PROBLEM STATEMENT:
Only the number is needed: how many lines of the records include "with"?

THE DATA:
○ ○ ○ ○
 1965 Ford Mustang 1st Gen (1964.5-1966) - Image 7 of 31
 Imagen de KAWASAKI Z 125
○ ○ ○ ○
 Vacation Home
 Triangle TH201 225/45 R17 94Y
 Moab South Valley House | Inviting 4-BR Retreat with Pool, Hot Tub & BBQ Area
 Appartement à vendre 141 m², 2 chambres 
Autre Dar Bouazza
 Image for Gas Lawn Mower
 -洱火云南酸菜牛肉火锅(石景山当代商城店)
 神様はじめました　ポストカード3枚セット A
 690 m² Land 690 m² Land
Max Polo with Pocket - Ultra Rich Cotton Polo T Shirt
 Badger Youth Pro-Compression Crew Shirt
○ ○ ○ ○
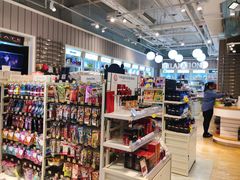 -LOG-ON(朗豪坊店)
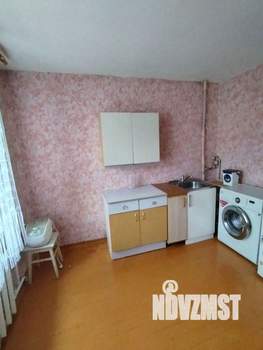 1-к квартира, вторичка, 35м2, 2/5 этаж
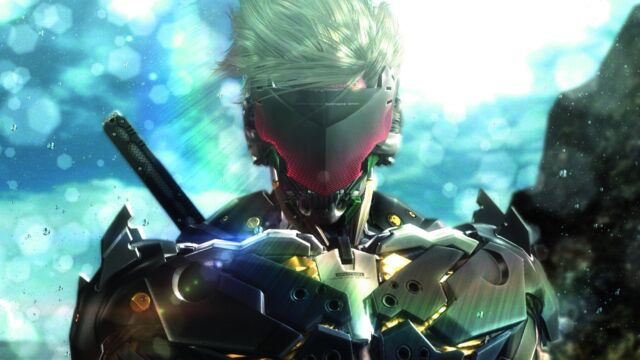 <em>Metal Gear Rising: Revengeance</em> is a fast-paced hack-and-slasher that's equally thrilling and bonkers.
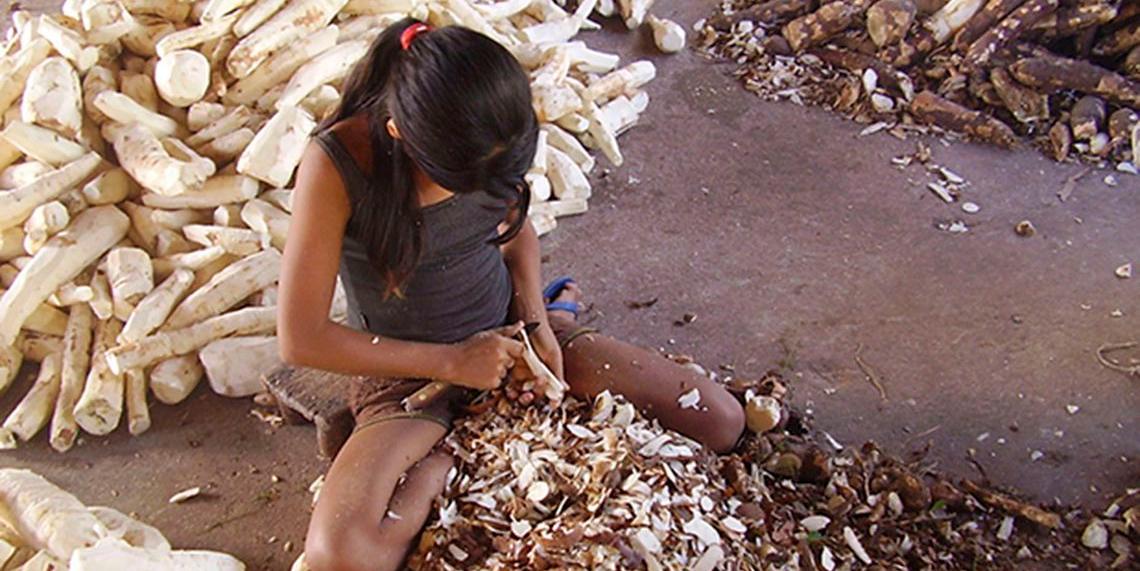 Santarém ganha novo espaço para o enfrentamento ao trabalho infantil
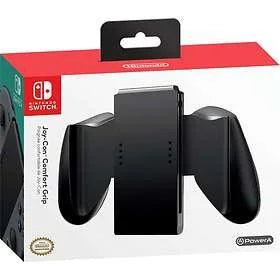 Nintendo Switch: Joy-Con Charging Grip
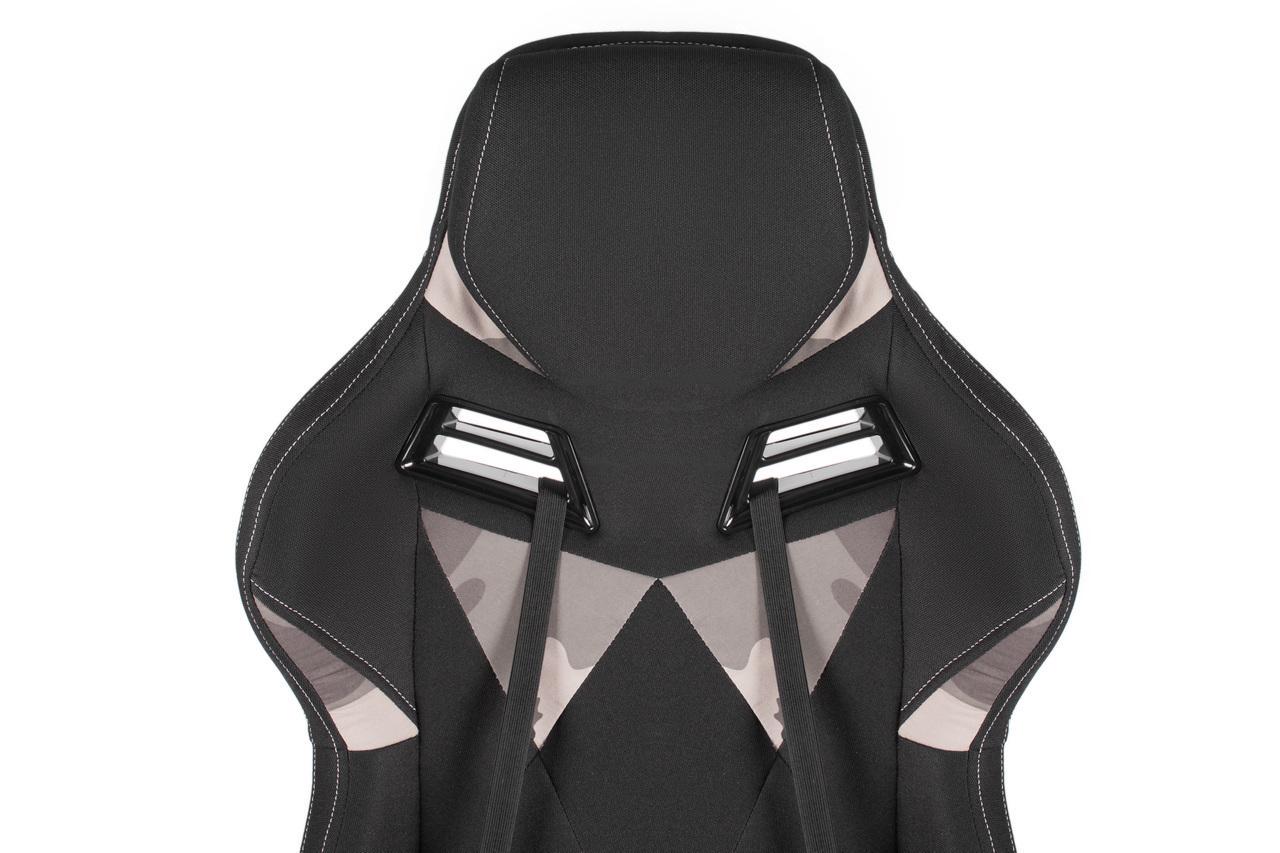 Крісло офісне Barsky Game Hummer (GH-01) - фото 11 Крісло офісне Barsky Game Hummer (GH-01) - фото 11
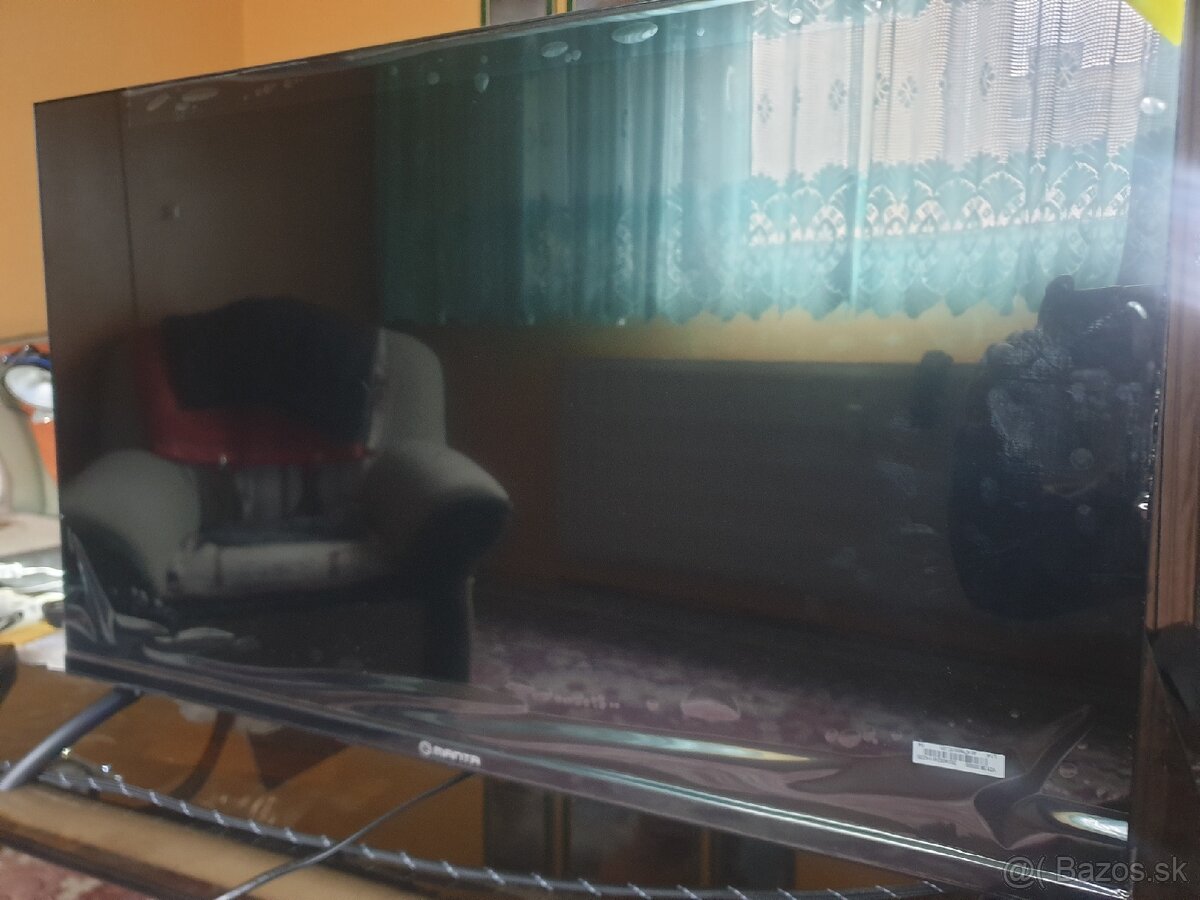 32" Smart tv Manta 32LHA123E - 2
○ ○ ○ ○
OUTPUT FOR THIS EXERCISE:
2